In this interview taken from the Spring 2013 issue of Electronic Beats Magazine, the krautrock legend and the electronic avant-gardist discuss their influences, work and the necessity—or not—of iPhones.


In 1967, Hans-Joachim Roedelius helped co-found the Zodiac Free Arts Lab in West Berlin—an open performance space for sonic experimentation and against “bourgeois” musical conventions. Despite its brief existence, the Lab served as a catalyst for one of the most influential and decidedly European musical movements of the twentieth century, namely krautrock and kosmische Musik. Since then, Roedelius has evolved into one of the genre’s most prolific figures, his exploratory electronics with Cluster and Harmonia becoming a source of inspiration for aesthetic cherry pickers David Bowie and Brian Eno—not to mention those keeping the flame of the Zodiac spirit alight, like German electronic avant-gardist Asmus Tietchens. Roedelius and Tietchens recently met up in Hamburg to discuss the relative merits of Germany’s musical exports for the Spring issue of Electronic Beats Magazine. is hosting an exclusive album stream of Tiden, the second album from Roedelius’ collaborative project with Stefan Schneider—mentioned in the interview below—here. Main photo by Margret Links.


Asmus Tietchens: Welcome, Joachim, to my world. This is Okko Bekker’s studio. Here I’ve worked, secluded from the world, for more than two decades now. And I should mention that Kluster with Conrad Schnitzler was encouraging for people like me. That goes for the recordings and live shows.

Hans-Joachim Roedelius: You must have released at least a hundred records since then.

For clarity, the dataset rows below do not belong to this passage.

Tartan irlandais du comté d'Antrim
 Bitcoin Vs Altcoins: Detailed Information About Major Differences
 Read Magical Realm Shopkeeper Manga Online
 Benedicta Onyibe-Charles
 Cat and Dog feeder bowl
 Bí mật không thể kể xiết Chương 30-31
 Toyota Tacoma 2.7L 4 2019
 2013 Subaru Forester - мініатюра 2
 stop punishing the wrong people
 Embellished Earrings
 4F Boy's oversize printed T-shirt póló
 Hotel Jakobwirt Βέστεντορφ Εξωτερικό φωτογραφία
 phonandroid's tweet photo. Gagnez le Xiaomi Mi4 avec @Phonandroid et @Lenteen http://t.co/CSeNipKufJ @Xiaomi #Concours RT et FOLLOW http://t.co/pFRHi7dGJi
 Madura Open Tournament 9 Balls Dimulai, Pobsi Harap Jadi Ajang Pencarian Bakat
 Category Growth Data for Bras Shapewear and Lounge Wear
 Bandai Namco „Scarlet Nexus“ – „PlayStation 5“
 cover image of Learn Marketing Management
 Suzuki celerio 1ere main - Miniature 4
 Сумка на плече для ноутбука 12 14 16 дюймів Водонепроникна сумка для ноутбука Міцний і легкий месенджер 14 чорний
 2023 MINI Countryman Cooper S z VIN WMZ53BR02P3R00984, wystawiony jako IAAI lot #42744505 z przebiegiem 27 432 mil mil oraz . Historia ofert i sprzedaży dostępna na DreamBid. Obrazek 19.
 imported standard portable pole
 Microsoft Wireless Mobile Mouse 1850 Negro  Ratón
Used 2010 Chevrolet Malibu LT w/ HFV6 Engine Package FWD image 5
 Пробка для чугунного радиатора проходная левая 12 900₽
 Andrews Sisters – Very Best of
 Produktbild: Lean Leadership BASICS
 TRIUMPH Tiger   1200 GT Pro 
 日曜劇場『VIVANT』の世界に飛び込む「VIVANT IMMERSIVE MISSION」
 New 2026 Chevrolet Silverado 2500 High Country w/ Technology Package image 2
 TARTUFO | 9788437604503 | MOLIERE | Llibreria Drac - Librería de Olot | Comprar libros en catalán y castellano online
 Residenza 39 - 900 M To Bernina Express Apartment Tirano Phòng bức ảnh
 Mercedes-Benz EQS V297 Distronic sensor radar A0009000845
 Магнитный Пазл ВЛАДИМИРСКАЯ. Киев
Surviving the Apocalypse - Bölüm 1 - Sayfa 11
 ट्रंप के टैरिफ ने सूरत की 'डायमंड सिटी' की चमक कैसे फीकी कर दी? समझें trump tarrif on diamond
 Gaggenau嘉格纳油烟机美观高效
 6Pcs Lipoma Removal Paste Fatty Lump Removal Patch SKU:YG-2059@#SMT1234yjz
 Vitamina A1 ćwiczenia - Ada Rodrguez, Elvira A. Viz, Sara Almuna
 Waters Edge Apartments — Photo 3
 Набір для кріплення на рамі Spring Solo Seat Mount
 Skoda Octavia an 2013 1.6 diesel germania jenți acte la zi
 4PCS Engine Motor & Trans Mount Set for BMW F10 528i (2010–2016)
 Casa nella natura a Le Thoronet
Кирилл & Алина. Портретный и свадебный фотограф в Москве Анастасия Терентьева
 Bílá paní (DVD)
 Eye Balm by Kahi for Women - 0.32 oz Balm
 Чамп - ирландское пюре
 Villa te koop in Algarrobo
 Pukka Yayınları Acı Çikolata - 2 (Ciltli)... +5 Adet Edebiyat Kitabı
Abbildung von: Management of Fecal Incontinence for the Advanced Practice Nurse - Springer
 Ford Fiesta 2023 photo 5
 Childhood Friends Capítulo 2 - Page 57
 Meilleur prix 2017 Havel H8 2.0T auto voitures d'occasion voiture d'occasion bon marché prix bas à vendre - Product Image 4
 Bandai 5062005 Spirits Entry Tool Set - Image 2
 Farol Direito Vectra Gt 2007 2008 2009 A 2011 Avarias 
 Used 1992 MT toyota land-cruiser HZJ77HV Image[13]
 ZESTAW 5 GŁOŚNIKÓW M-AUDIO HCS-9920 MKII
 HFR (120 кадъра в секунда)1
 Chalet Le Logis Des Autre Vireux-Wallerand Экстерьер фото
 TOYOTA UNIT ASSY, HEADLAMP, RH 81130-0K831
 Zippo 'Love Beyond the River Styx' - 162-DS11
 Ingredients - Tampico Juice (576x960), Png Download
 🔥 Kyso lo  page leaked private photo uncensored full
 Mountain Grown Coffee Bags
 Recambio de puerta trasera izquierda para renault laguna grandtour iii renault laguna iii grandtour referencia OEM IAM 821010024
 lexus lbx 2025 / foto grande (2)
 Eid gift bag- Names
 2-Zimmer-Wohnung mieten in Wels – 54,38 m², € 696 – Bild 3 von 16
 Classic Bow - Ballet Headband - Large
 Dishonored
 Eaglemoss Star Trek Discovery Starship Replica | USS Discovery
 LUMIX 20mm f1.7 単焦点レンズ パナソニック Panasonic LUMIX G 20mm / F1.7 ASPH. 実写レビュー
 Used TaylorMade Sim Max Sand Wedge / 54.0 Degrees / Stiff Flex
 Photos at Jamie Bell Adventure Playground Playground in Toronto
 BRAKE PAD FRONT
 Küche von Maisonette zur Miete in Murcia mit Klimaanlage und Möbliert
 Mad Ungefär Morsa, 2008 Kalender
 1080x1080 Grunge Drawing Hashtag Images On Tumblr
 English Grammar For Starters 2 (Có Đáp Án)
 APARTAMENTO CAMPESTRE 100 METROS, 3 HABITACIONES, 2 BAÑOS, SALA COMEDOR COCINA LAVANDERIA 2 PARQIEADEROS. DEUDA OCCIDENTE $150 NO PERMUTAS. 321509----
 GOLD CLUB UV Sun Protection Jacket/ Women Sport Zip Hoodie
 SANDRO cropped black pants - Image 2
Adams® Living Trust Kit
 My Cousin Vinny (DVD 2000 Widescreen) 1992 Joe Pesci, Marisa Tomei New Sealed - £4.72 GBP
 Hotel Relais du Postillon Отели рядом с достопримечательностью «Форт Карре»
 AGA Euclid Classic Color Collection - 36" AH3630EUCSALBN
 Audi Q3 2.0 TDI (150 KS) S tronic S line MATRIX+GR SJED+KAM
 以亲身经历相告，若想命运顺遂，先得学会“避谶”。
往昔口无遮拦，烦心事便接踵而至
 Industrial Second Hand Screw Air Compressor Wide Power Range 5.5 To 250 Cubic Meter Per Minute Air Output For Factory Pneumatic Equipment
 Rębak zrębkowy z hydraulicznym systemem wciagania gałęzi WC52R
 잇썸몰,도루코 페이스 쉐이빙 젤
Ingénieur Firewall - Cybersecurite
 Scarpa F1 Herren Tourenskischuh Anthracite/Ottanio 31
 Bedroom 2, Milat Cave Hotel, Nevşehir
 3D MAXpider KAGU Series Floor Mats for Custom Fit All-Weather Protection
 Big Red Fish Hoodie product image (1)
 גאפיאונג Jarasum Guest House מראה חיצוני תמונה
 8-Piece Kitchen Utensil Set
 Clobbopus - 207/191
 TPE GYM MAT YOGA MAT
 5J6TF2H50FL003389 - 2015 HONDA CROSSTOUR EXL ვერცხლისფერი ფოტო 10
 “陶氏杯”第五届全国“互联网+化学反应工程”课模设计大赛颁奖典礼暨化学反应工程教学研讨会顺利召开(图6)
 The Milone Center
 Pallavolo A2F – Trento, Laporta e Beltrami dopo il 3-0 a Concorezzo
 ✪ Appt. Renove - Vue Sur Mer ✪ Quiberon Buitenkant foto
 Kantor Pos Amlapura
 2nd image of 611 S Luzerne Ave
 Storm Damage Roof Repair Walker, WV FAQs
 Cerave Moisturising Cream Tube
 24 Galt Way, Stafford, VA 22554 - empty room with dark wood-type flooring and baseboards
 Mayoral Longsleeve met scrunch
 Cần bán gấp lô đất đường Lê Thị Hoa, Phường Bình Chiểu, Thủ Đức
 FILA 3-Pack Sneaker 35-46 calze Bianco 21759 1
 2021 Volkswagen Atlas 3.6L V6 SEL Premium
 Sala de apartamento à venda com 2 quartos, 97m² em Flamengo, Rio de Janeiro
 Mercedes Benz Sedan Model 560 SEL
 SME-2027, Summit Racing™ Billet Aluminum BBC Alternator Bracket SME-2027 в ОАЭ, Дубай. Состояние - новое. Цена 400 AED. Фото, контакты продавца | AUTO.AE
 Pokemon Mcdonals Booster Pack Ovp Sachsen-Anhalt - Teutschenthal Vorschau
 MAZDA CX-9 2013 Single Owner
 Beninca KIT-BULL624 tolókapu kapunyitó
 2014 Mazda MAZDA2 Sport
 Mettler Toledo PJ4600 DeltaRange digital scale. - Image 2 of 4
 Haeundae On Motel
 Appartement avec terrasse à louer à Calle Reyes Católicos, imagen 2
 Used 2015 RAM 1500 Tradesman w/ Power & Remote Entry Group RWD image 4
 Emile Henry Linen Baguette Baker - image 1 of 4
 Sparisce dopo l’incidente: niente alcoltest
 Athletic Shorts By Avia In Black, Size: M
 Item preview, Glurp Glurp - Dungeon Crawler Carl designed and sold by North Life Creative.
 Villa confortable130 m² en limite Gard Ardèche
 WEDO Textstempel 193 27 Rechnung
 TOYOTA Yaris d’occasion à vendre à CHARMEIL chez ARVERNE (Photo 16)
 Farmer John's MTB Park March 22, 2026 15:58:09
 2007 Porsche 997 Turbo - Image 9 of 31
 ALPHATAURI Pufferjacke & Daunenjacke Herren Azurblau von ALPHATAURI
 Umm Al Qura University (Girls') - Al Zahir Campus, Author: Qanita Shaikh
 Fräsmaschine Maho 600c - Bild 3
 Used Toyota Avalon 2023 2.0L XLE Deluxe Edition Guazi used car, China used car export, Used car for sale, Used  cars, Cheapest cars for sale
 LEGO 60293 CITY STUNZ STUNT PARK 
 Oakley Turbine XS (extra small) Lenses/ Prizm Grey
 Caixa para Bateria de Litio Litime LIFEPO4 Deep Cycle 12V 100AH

AT: I’ve stopped counting. I release music regularly, but I don’t see the point in it anymore. I mean, I love to produce music day and night. But to release it? I am fully aware of the fact that I do music for a really small minority of listeners. If one day nobody is interested anymore in my music, I won’t care less. At least I will still listen to it.

HJR: The funny thing is that the experimental music Cluster has done in the past is now seen as being somehow mainstream. I’d say more people than ever are listening to our music and consider it a kind of pop.

AT: Indeed, I wouldn’t call my music experimental anymore. When I make music, I know beforehand how it will sound in the end. That’s not really experimental. On the other hand, when I listen to certain minimal techno or dubstep releases, I’m sometimes completely stunned by the radical approach these young musicians show. It’s my students who continue to confront me with musicians work by Ricardo Villalobos, Alva Noto, Wolfgang Voigt or Richie Hawtin. In this kind of music everything is about details. If you start to listen carefully, you can become addicted to their skills and how they breathe life into minimalist concepts. I am talking about complex tracks that are very carefully composed. But I admit that I’d never found out about them myself. It’s always my students who confront me with advanced contemporary music.

HJR: Do you dance to music?

AT: No, I don’t. I can’t and I don’t want to. I prefer to listen to music. Carefully. Focused. A friend of mine recently sold his Roland TR-808 on eBay for 2,800 euros. It was an original from 1981. I was quite impressed by the winning bid and I understood that these people who work in the minimalist electronic field really know what they are doing—and that they are willing to pay the price.

HJR: When I turn on the machinery, I never know in advance what will happen musically. On the other hand, I work hermetically, within my own world. I don’t listen to contemporary music. Sometimes I do at festivals, when I am part of the booking. But otherwise…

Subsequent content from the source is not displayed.